Few in college athletics doubt the importance of helping student athletes succeed. But while college officials say these programs are necessary because athletes must devote so much time to their sports, few other students whose time is consumed by jobs or activities receive as much assistance. Another issue is oversight: The educational support centers often report to the athletic director, who has an interest in keeping athletes eligible to compete, instead of to the academic leadership.
“I think that the people who work in it should be working for the provost,” said Jim Delany, the commissioner of the Big Ten Conference.
The article goes on to note that the Beer and Circus football schools of the Old Confederacy are engaged in a positional arms race to build athletic tutoring facilities that make Northern Illinois's computer lab atop a locker room look shabby, for an extravagance. The Drake Group is not going to lack for work.
And look at what's going on at the Mid-American's eastern outpost, this weekend's recipient of Joe Paterno's frustration with Bielema's Offside Kick.
Louisiana State’s academic center for athletes opened in 2002 and has a corporate sponsor, Cox Communications. A review in Architectural Record called the ornate design by Victor Trahan III “sleek,” “inspiring” and “almost monastic in character.”
Georgia’s $1.3 million budget for academic tutoring for its roughly 600 athletes is the same amount that the university spends on its centralized campus tutorial program for its 25,000 undergraduate students. Dell Dunn, the university’s vice president for instruction, said the budget for all of Georgia’s tutoring services outside athletics rose by $200,000 when programs in individual departments were included.
Georgia’s center for athletes, which was built in 2002, features rows of computers, plush furniture and an electronic check-in system to make sure athletes put in their minimum study hours. The center has 17 full-time staff members and more than 60 tutors.
“It’s getting competitive — that’s one of the reasons why we have this center,” said Becky Galvin, an academic counselor and tutorial coordinator at Georgia. “The coaches started hearing from kids that so-and-so had a nicer academic center. We had a good academic program, but we didn’t have all the bells and whistles.”
Creativity doesn't have to include fancy facilities. Sometimes it's a matter of instilling the Habits of Highly Effective People.
Colleges without the money to pay for such programs can find it harder to recruit and to compete. The struggles at Temple, a public university in Philadelphia, illustrate what can happen.
Last year, the university’s football program lost nine scholarships because of its athletes’ academic shortcomings, the most of any Division I-A program. In what Temple’s athletic director, Bill Bradshaw, called “crisis management,” he said all five Temple academic counselors either resigned or were not rehired for their positions. That led to an overhaul that included luring a counselor from Notre Dame and the 34 percent budget increase for academic support.

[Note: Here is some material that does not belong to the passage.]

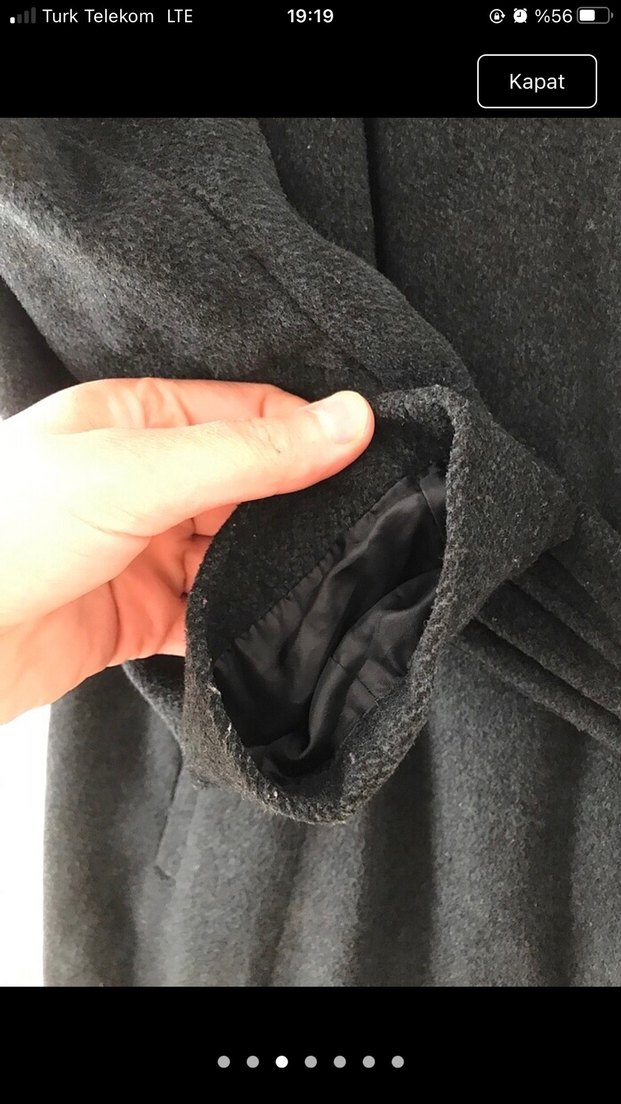 Kemerli Uzun Gri Kadın Kaban - Görsel 4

“How does Wendy’s succeed when it doesn’t have McDonald’s budget?” said Temple’s coach, Al Golden. “We have to be creative.”
Paid Jewish Mothers, forsooth. Or is it Minnesota Moms? Do Your Part. Make Something Of Yourself.
When Mr. Golden was hired last December, he made his entire staff build two and a half hours into their daily schedules to help the players personally, with a special focus on academics.
Mr. Golden took the pool table out of the players’ lounge and replaced it with more computers.
He posted a list of players not attending class or handing in assignments on the door of the Temple football facility for everyone to see. He takes one shift a week himself to check players’ classes personally.
He made his players get to know their professors, sit in the front row, and not wear hats to class. “If you’re not going to class, you’re going to be suspended,” Mr. Golden said.
Temple increased its academic support staff to nine from six. Peter D’Alonzo, the lead coordinator and a learning specialist at Temple, installed the same program he used at Notre Dame. Freshmen are now mentored by students in Temple’s law school. Students below a 2.4 average are given mandatory study hours and intensive tutoring; Mr. D’Alonzo compared it to doing homework in front of Mom and Dad at the kitchen table.